In Smart Mobs, Howard Rheingold emphasizes the potential of mobile communications to create a social revolution by enabling new forms of cooperation. He describes the emergent behavior exhibited by thumb tribes of connected teenagers: "the term 'swarming' was frequently used by the people I met in Helsinki to describe the cybernegotiated public flocking behavior of texting adolescents."[*] Rheingold notes that mobile devices enable groups of people to act in concert even if they don't know each other, and cites numerous examples of peaceful (and not so peaceful) public demonstrations from Manila to Seattle in which tens of thousands of protestors were mobilized and coordinated by cell phones and waves of text messages.
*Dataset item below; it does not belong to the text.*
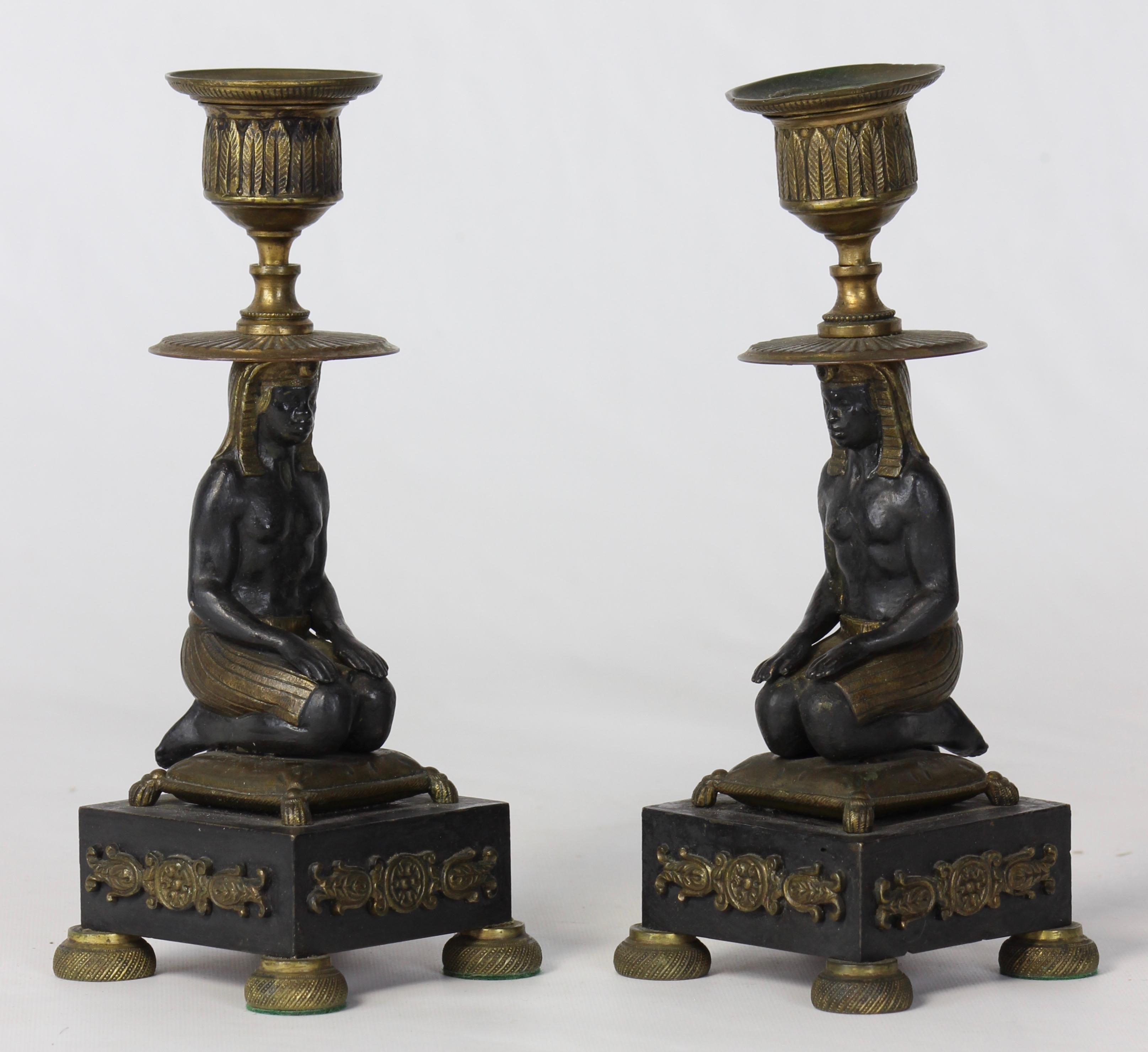 French Pair of Early 19th Century Egyptian Revival Candlesticks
In his book, Rheingold tends toward the sunny side of this future by asserting the wisdom of crowds:

[*] Smart Mobs by Howard Rheingold. Perseus (2002), p. 13.
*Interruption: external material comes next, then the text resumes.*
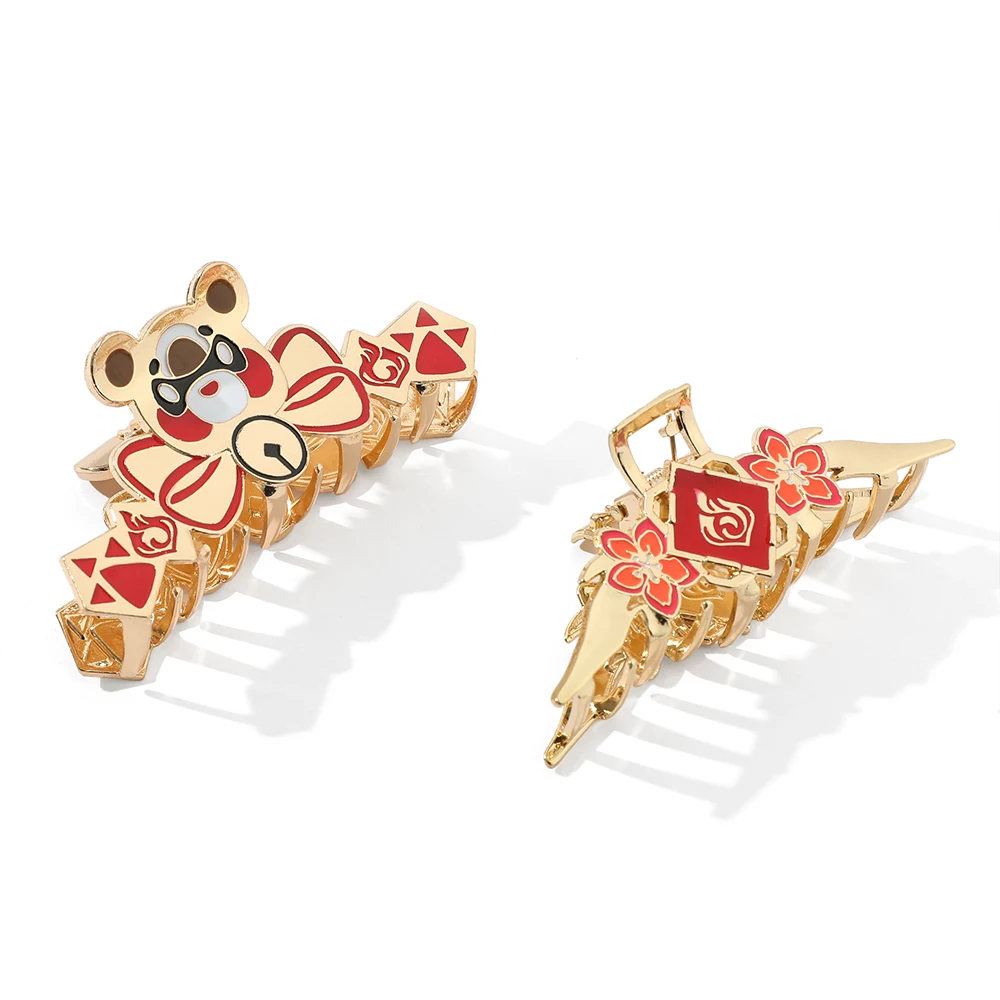 

Genshin Impact Hair Accessories Jewelry Metal Eye Of God Claw Crab Clip Hairpins Game Peripheral For Women Girls Cosplay Fans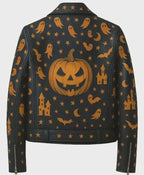 Ghost And Pumpkin Leather Jacket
The right kinds of online social networks know more than the sum of their parts: connected and communicating in the right ways, populations of humans can exhibit a kind of collective intelligence.[]

] Rheingold, p. 179.

Of course, there's also a dark side to these technologies of cooperation. Smart phones don't always make for smart mobs. Groups of uninformed, agitated individuals can be dangerous and dumb, whether wielding pitch forks, flaming torches, or Nokia 7710s.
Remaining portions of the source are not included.